One of the problems you face in this question is getting around the fundamental presumption of competence that is so deeply ingrained in you that you don't even notice it. Despite what a lot of other people have said in the various comments, human justice has never had a problem determining that for the most part humans are responsible for what they do. "Marginalized groups" would be ones who were perhaps excessively punished for what they did, or punished for things they did not do at all, but there's nowhere in history that a judicial system has ever had the slightest problem condemning a human for murder or something. Casual assumptions about humanity have been made since we are the only species that can really be expected to act "responsibly" for any common definition of that term.
Likewise, there's no justice system of significance anywhere in history that has treated animals as full individuals, because they can't be expected to be responsible for anything. If nothing else, even the very greatest animals we know show very little capacity for understanding what may happen a day or two from now if they act in a certain way today, which is a very important element of holding people responsible for lawbreaking, since only the very most basic, most brutal elements of law involve consequences immediate, large, and guaranteed.
I would suggest that the proper way of evaluating such a beast would be seeing to it that rights are matched to responsibilities. As humans, we have the right to not be murdered by other humans; we have the corresponding responsibility not to murder others. We have the right to security in our properties, and we have the corresponding responsibility to not steal from others. And so on. The question would be, is this individual capable of discharging the responsibilities associated with the rights we are considering giving them? Someone who is literally incapable of not hurting other people is not put in jail, they are institutionalized.
If they are not at all capable of handling the responsibilities, than while we may be forced to take certain actions in regards to their crimes, as we might put down a dog that violently killed a child, we would not necessarily consider them culpable. Suppose there was a species that was mostly like humans, but if you punch them in the grondar, it can be scientifically demonstrated that their forebrains are turned off and they violently attack anything in the area. They lack all ability to not do this. It doesn't matter if they train, or meditate, or whatever. If they get punched in the grondar, we can't hold them morally responsible for what happens next. Then again, perhaps they are supposed to be wearing their grondar-protectors and they left it off today, in which case, yes, they were capable of discharging their responsibilities and they failed, and now they are responsible for what happened.

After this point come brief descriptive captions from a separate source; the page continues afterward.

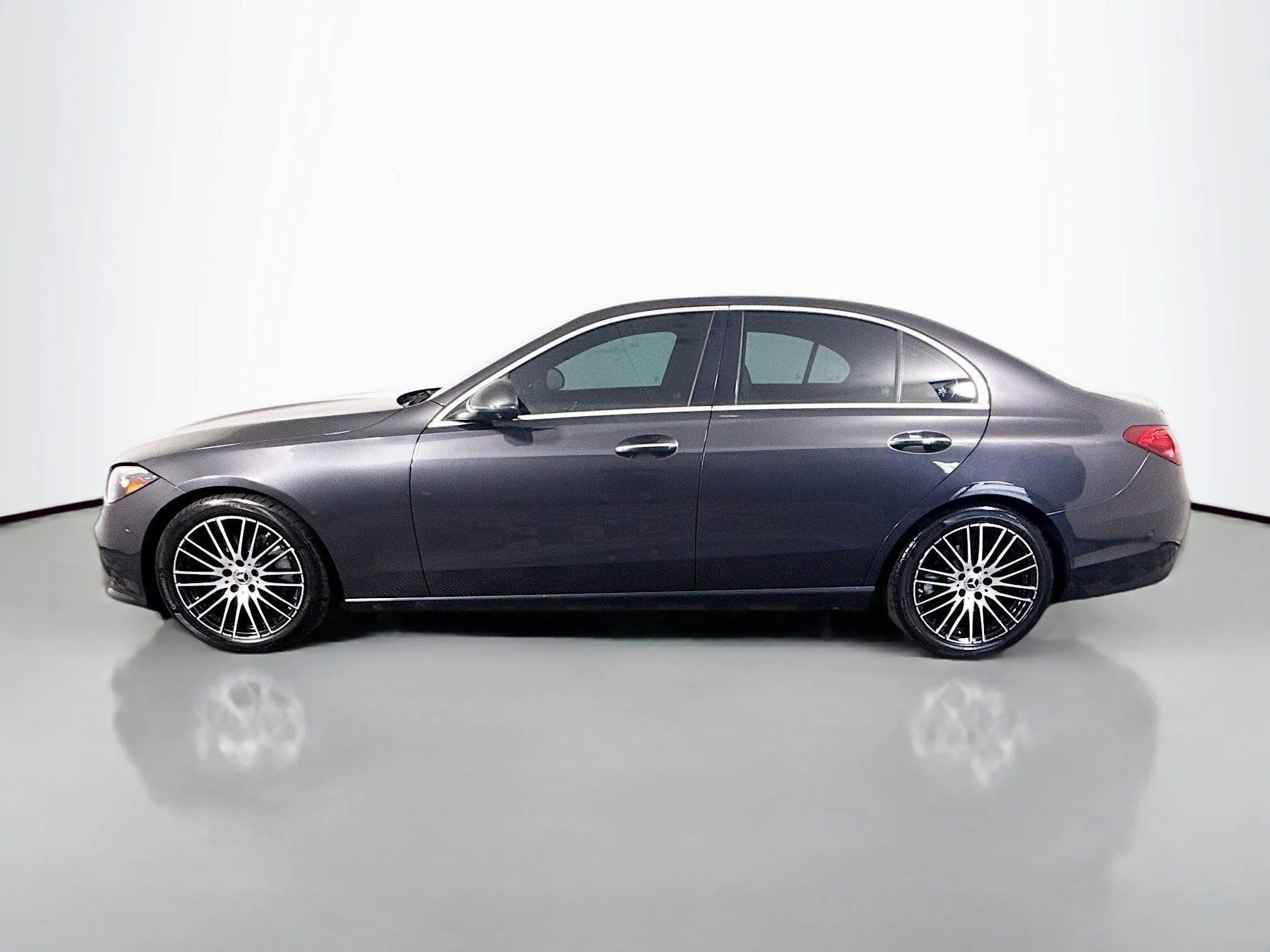 Used 2022 Graphite Gray Metallic Mercedes-Benz C 300 image 4
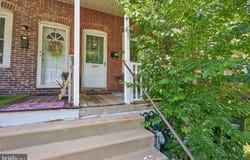 325 W SPRING Avenue, ARDMORE, PA 19003
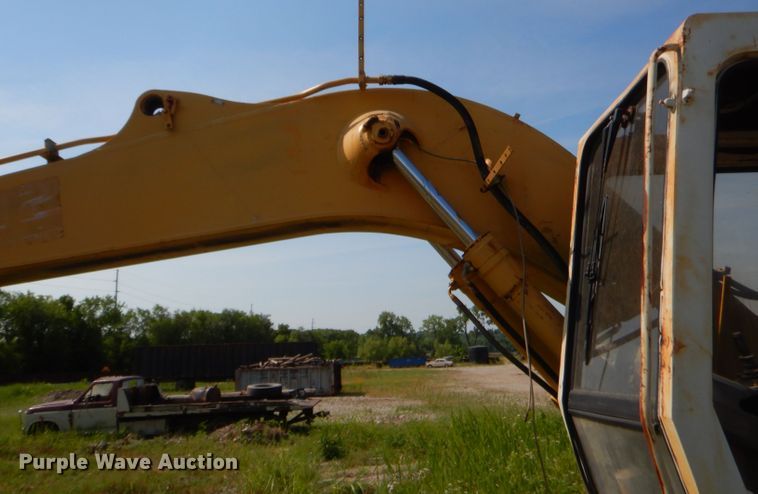 image for item GT9249 Liebherr XR912LC Litronic  excavator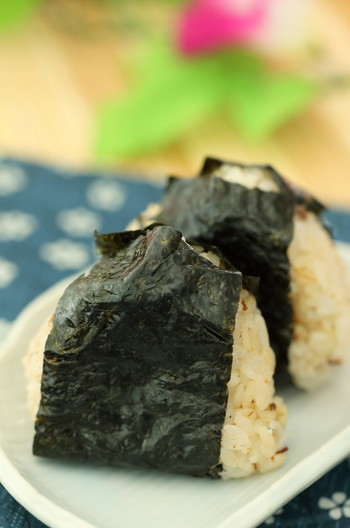 しらすと佃煮の梅風味おにぎり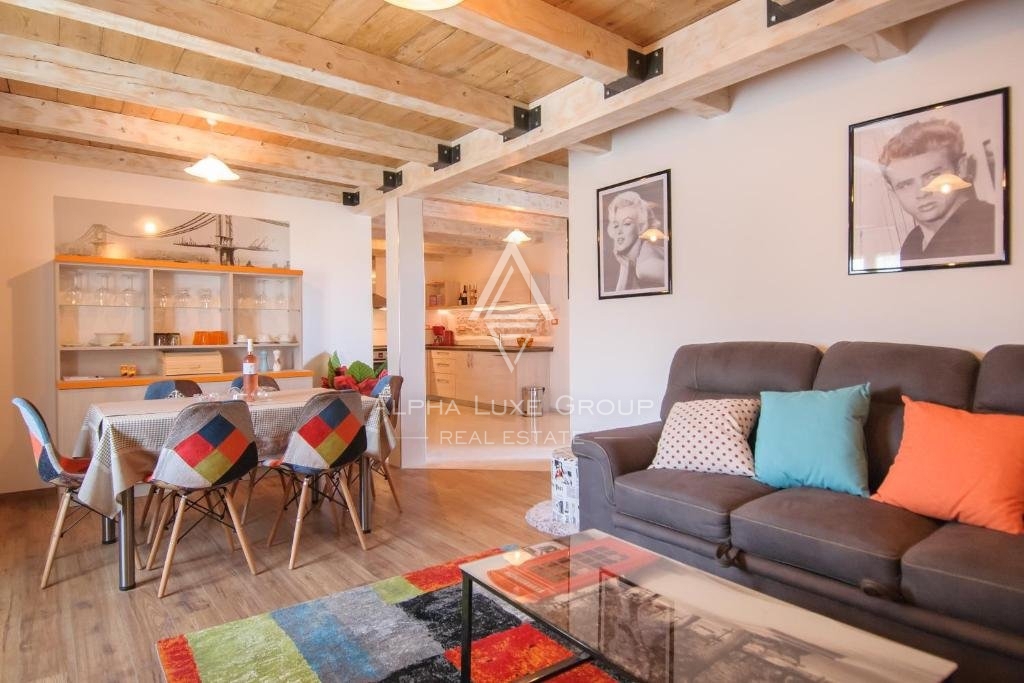 Kamnita hiša s štirimi apartmaji in pogledom na morje, Istra, Poreč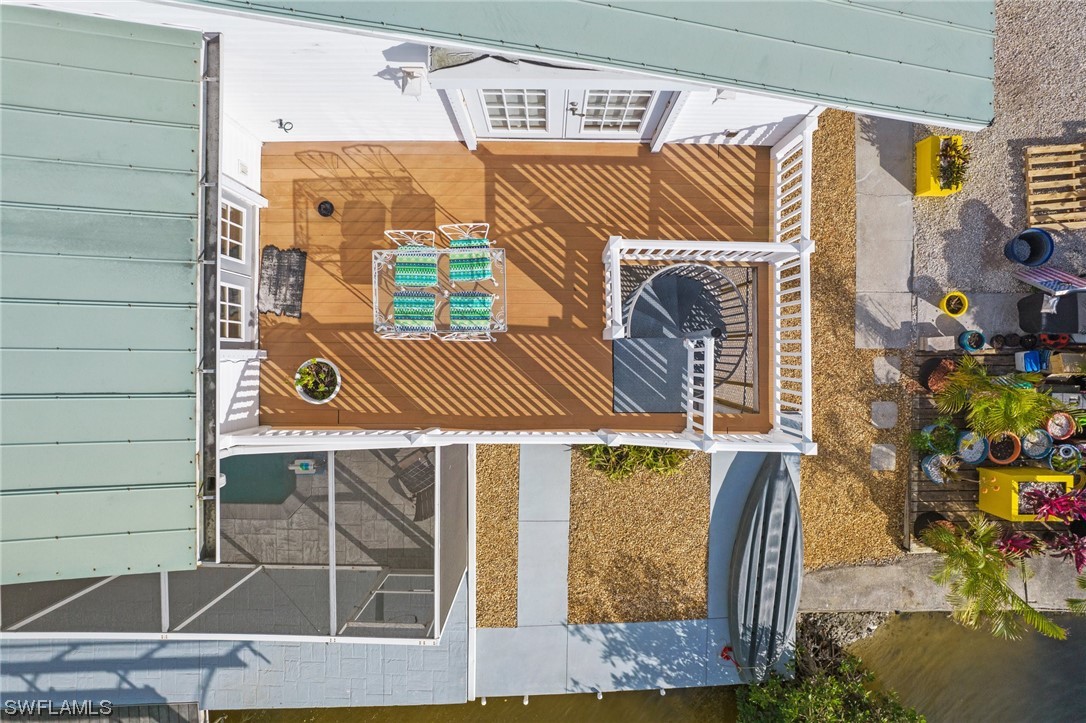 2572 Second Street Cape Coral, FL 33993 - Photo 4 of 27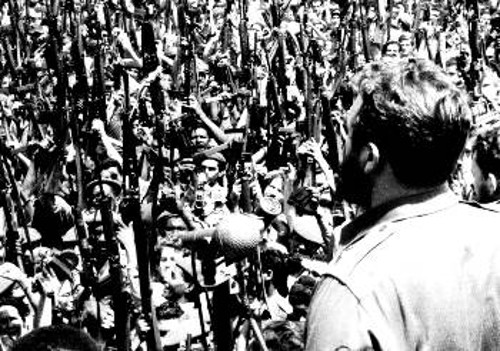 Στις 16 Απρίλη 1961, ο Φιντέλ στην κατάμεστη Πλατεία της Επανάστασης διακηρύσσει το σοσιαλιστικό χαρακτήρα της Επανάστασης. Η απάντηση από τους ένοπλους Κουβανούς είναι ομόφωνη: «Πατρίδα ή Θάνατος»!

The other side holds as well, too; non-human sentients can have both rights and responsibilities that we don't. Humans are not necessarily the pinnacle. The real human world already has exemptions for "fighting words" and "crimes of passion" (i.e., catching your mate mating with someone else), for which we will reduce the perceived culpability of someone for a violent action because of the provocations that we are ourselves quite vulnerable to, and it becomes unreasonable to expect the entire population to be able to uphold the responsibility of staying calm under those provocations. But perhaps Vulcans still are expected to be that calm. They may have some corresponding rights that humans do not. Or in a post-Singularity science fiction story, unmodified humans may not be held responsible for actions taken after interaction with a Class 3 or greater artificial intelligence, if such AIs are well-known to be able to play unaugmented humans like fiddles if they choose to. Some thought may deal with areas in which humans may already be not held responsible.

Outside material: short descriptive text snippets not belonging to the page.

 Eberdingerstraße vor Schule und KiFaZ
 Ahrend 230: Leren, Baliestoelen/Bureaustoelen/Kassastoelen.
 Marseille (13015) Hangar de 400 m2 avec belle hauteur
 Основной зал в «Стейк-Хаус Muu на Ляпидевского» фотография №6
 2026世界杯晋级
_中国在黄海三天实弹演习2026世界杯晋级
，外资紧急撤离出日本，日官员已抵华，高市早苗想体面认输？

With some creativity, you may even come up with situations in which it isn't clear that humans are "deficient" per se, they just aren't responsible. For instance, perhaps sentient dogs could be punished for "disloyalty to the pack". Humans are not generally punished legally for this, because our loyalty relationships are much different than pack relationships; not necessarily worse, not necessarily better, just different. The sentient dogs may have rights and responsibilities that are simply meaningless for humans. By contrast, as we punish humans who promise to protect confidential information and fail to do so, perhaps the sentient dogs can only be cleared for security work whole packs at a time, because there is no way to have a sentient dog loyal to an abstract organization above their pack. etc.
One of the casual assumptions we make because everyone is human is precisely that the question is binary; are you competent or not? Human/adult or not? This makes sense in the human world, and is probably even a good idea to prevent the creation of distinctions where they don't really exist (i.e., racism, etc.) In a multi-species society, the question may be more granular than that. The question you may be asking may not be "is this creature a legal person?" but "is this creature capable of not doing the thing we're calling a crime?"